World-Class Care for Rare Conditions

In a Chiari malformation, brain tissue extends into the spinal cord and interferes with the circulation of cerebrospinal fluid. This problem can occur when the cavity near the base of the skull is abnormally small, so the lower part of the brain (cerebellum) gets pushed downward.

The three main categories of Chiari malformations are:

  • Type I, the most common, is usually congenital (present at birth), though acquired cases are possible. It might not cause any symptoms, and the defect generally isn’t obvious at birth – often going unrecognized until adolescence or adulthood.
  • Type II is more severe and is usually noticed during childhood.
  • Type III is extremely rare and is apparent during infancy.

Many institutions refer these cases to UT Southwestern because we offer a team of Chiari malformation specialists who review each patient’s condition from a host of perspectives. Our neurologists, neurosurgeons, neuroradiologists, and others work together and with patients to come up with the best treatment strategy for each specific situation.

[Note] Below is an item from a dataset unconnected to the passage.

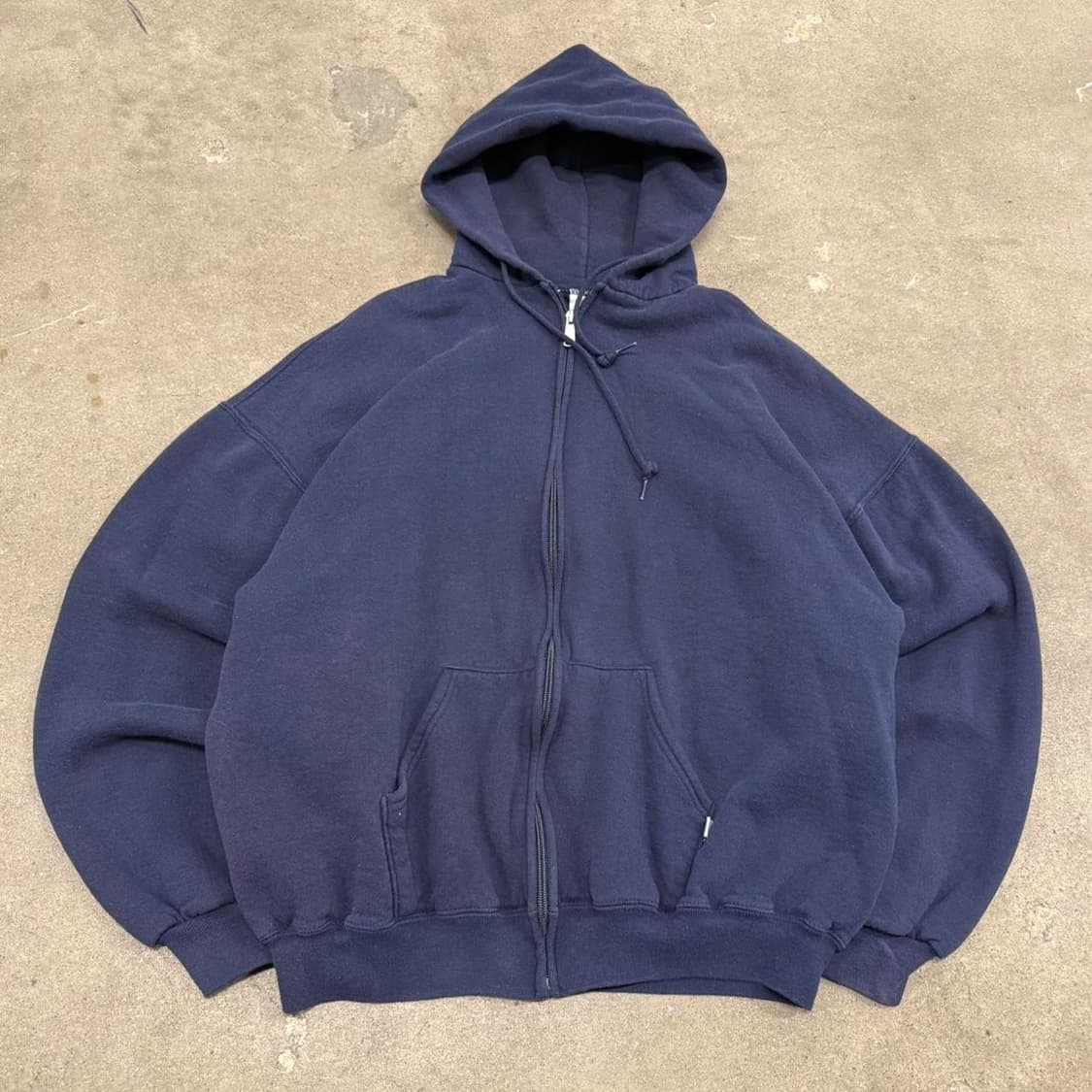 00s 러셀 애슬레틱 후드집업 네이비 상품이미지1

Symptoms of Chiari Malformations

Many people with the most common type of Chiari malformation don’t experience symptoms, and the malformation is discovered incidentally. If symptoms do occur, severe headache and neck pain are the most common. Other symptoms of Chiari malformations can include:

  • Dizziness
  • Vertigo
  • Disequilibrium
  • Visual disturbances
  • Ringing in the ears
  • Difficulty swallowing
  • Palpitations
  • Sleep apnea
  • Muscle weakness
  • Impaired fine motor skills
  • Chronic fatigue
  • Painful tingling of the hands and feet 

People with Chiari malformations often also have hydrocephalus (increased brain fluid), syringomyelia (cyst of the spinal cord), and tethered cord syndrome.

Evaluation

Because of the complex range of symptoms, Chiari malformations can be difficult to diagnose. At UT Southwestern, we evaluate a patient’s previous imaging studies and conduct additional imaging studies when needed. We then match what we see to a patient’s specific symptoms to determine the severity of the Chiari malformation.

Treatment for Chiari Malformations

Once we’ve evaluated a patient and made a diagnosis, treatment might include observation with surveillance imaging over time (if a patient is not experiencing symptoms) or surgery if the Chiari malformation is causing symptoms. 

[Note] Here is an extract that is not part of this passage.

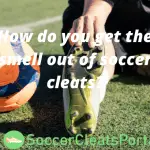 Stinky soccer cleats? Here's exactly what to do!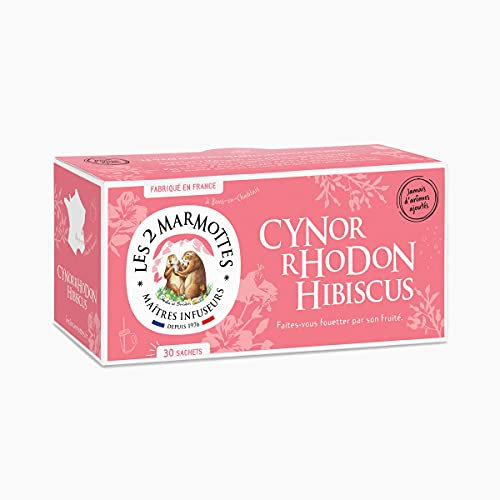Les 2 Marmottes - Infuso Di Rosa Canina Di Ibisco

For most patients, monitoring the condition is all that’s required. However, if the Chiari malformation poses a significant threat to a patient’s health, or if symptoms interfere with quality of life, we offer comprehensive perspectives and treatment options. 

When surgery is needed to treat a Chiari malformation, the goal is to stop progressive displacement of brain tissue into the spinal canal, to restore the normal flow of cerebrospinal fluid, and ease or stabilize symptoms.

Surgical options include:

  • Foramen magnum decompression: The most common operation to treat a Chiari malformation involves the removal of a small piece of the skull to relieve pressure on the spinal cord. If further decompression is necessary, the surgeon opens the dura – the tissue that covers and protects the brain and spinal cord – to further reduce the pressure, then sews a patch over the new dural opening, allowing even more room for cerebrospinal fluid circulation.
  • Laminectomy: In this procedure, the surgeon removes a portion of the first cervical vertebrae (the lamina) to make more room for the cerebellum.
  • Shunt: In some cases, patients might need a shunt to drain excessive cerebrospinal fluid away from the skull and brain to another part of the body where it can be absorbed. Shunts are sometimes implanted before decompression surgery to relieve pressure and improve symptoms. Sometimes, implanting the shunt allows the patient to avoid surgery altogether.

After surgery, patients recover in our dedicated neurointensive care unit (neuro ICU). Neurorehabilitation services are also available in the same building.